Skip to main content
Synthetic Data for Better and Safer AI Models

Synthetic Data for Better and Safer AI Models

As modern machine learning algorithms grow in complexity and sophistication so does their need for larger sets of training data. In practice these sets might be smaller than required, be of bad quality or misrepresent the actual domain of the real life problem that is being modelled. Simulation is a useful tool for countering those issues, as it can not only augment the training input and speed up the training process of the algorithm, but can also help with its subsequent validation and robustification by producing original samples and scenarios intended to enhance the algorithm's predictability and trustworthiness. Our aim in the STAR project is to provide a simulated reality module that can work as an add-on for predictive methods, while also interacting with the human operator in order to produce verifiably realistic scenarios that will augment the automated decision making process.

Simulated reality can been applied in a variety of manufacturing scenarios, such as visual quality inspection and autonomous robotic control. In a supervised setting such as defect detection it takes the form of synthetic data generation. In such a use-case data augmentation is often necessary due to the class skew caused by the rarity of defective artifacts.
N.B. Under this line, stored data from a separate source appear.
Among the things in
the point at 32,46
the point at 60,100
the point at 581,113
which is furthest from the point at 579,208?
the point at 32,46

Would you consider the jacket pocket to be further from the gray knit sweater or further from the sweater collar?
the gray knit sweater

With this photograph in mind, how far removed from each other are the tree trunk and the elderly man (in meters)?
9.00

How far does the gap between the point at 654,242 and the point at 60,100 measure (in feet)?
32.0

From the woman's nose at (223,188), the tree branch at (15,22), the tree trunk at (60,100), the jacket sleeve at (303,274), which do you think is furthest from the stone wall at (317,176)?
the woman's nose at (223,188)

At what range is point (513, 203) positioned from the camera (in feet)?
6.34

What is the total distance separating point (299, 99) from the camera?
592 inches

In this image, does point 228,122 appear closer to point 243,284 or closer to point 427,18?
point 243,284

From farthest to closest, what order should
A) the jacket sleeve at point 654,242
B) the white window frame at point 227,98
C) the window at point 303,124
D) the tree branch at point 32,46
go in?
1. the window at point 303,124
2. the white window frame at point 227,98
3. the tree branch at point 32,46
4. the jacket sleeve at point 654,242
Underrepresented classes can be supplemented with synthetic images constructed from the existing data. Recent works have achieved good prediction rates under skewed training sets using state of the art methods such as Convolutional Variational Autoencoders and Generative Adversarial Networks. A step beyond is the synthesis of novel defects, usually based on prior knowledge from different products. Neural Style Transfer has been used successfully to fuse defect snippets with non-defective images. Such images can be used to test and also enhance the algorithm's predictive capacity.
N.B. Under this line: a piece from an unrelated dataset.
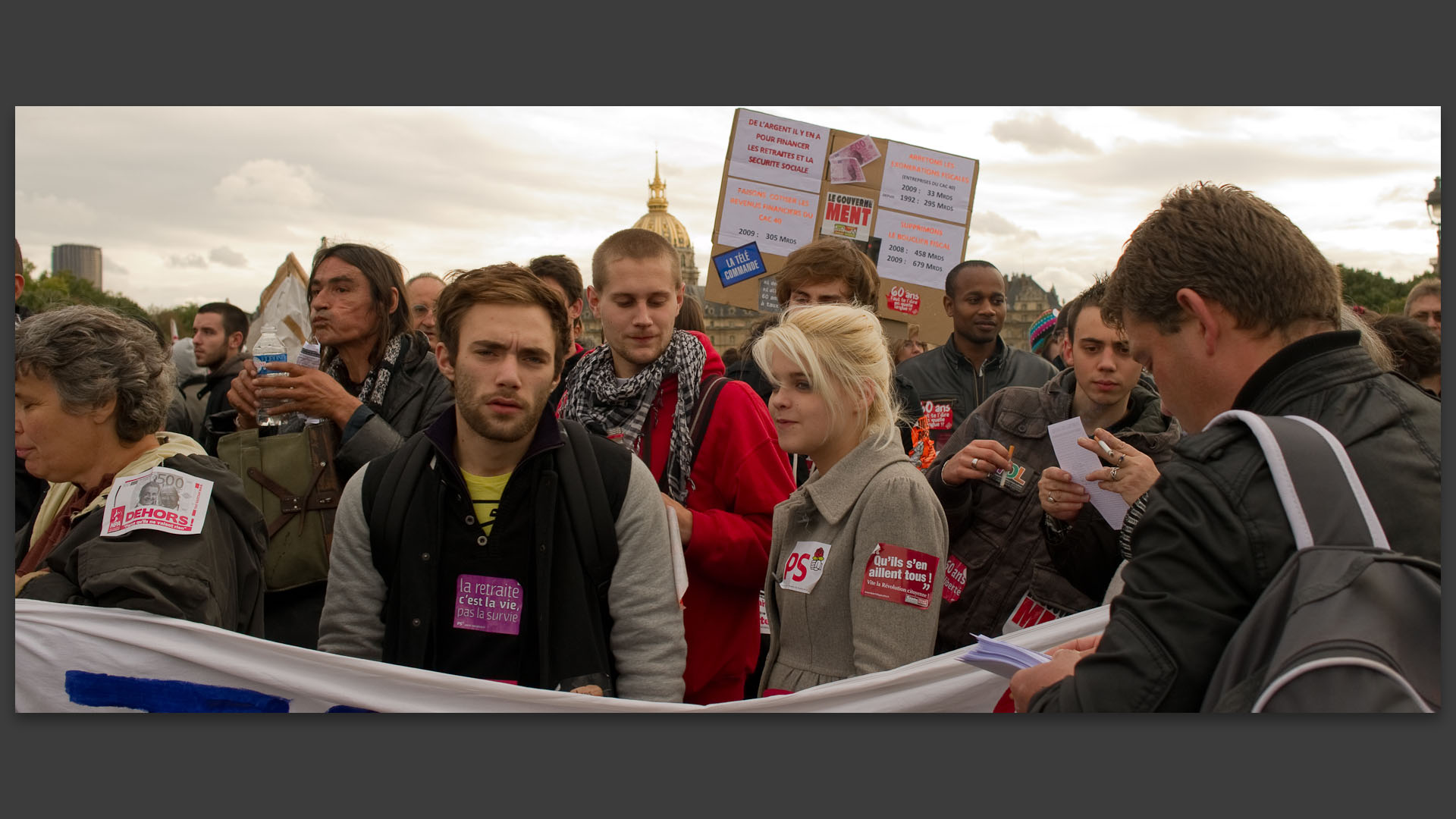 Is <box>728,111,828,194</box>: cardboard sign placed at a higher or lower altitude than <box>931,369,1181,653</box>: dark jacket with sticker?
higher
In our work in STAR we are tackling such a characteristic supervised defect detection usecase, where the dataset is small and heavily imbalanced with images of defects being rare and hard to obtain. It was therefore important when choosing a suitable data augmentation method to take into account its ability to handle small datasets, something which is not the case when training large autoencoders or GANs from scratch. We are currently examining and evaluating different state of the art approaches that address this issue, such as trying to selectively utilize complex open-source GANs trained or large datasets such as imagenet. Of course lack of data is not the only challenge we have come across; high image fidelity is also an important requirement as differences between defects and non-defects can be minuscule. If this requirement is not met, the use of synthetic data can backfire and confuse the classifier further. To overcome this issue we chose to purposefully fuse synthetic with real data and apply some filtering and post-processing which has led to interesting results. Our next steps are to improve the quality and usefulness of the synthetic data even further and also to produce novel examples that will help assess and increase the robustness of the underlying AI models.